The NNN lease and CAM reconciliation statements are standard items in commercial loan due diligence document requests. CAMAudit analyzes these documents and returns findings in under 15 minutes per location. For a portfolio company with 10 NNN lease locations, the full audit completes in a few hours. Findings integrate directly into the credit memo as occupancy cost normalization documentation.
What types of portfolio companies are most likely to have material CAM overcharges?
Multi-location NNN tenants: restaurant groups, franchise operators, specialty retail chains, healthcare practice groups, dental service organizations, veterinary groups, and any company with a portfolio of strip-center or lifestyle-center NNN leases. The more locations, the higher the aggregate overcharge exposure and the higher the probability that systematic billing errors exist across the portfolio.
Can private credit lenders use CAM audit as a portfolio monitoring tool?
Yes. For portfolio companies with annual covenants, annual CAM audits can serve as a lease compliance monitoring tool. A company whose occupancy cost increases 12% in a single reconciliation year may have a new billing error. Annual audit reviews surface these changes early and protect the lender's DSCR covenants.
How does CAM overcharge affect the EBITDA basis used in private credit term sheets?
Private credit term sheets often express the loan amount as a multiple of EBITDA. If the portfolio company's EBITDA is understated due to a CAM overcharge, the EBITDA basis used for the term sheet is incorrect. Normalizing the overcharge increases EBITDA, which may support a larger loan amount or a lower leverage multiple depending on how the term sheet is structured.
What is the referral or white-label option for private credit lenders?
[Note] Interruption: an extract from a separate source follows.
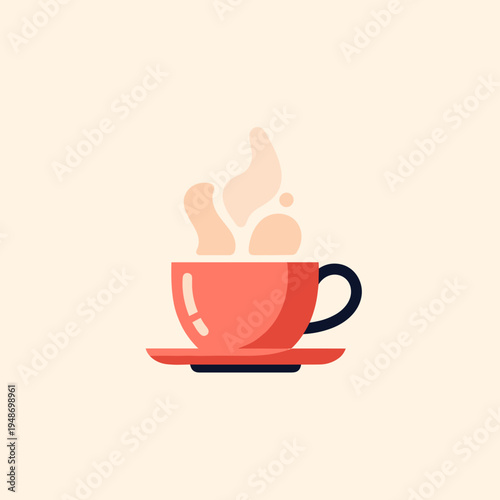 Steaming hot cup of coffee on a saucer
Private credit lenders can refer portfolio companies to CAMAudit through the affiliate program, earning 30% lifetime commission on every paid audit. Alternatively, the lender or an affiliated advisory firm can use the CAMAudit white-label program to deliver findings reports under their own brand as part of the diligence or portfolio monitoring process.
How long does the CAM dispute process take after findings are identified?
The dispute process typically takes 30 to 90 days from the formal dispute letter to landlord resolution for commercial landlords with professional property management. Complex disputes involving multiple years or large amounts may take longer. For lenders modeling cash flow recovery timelines, a 60-day baseline is reasonable for initial settlement discussions.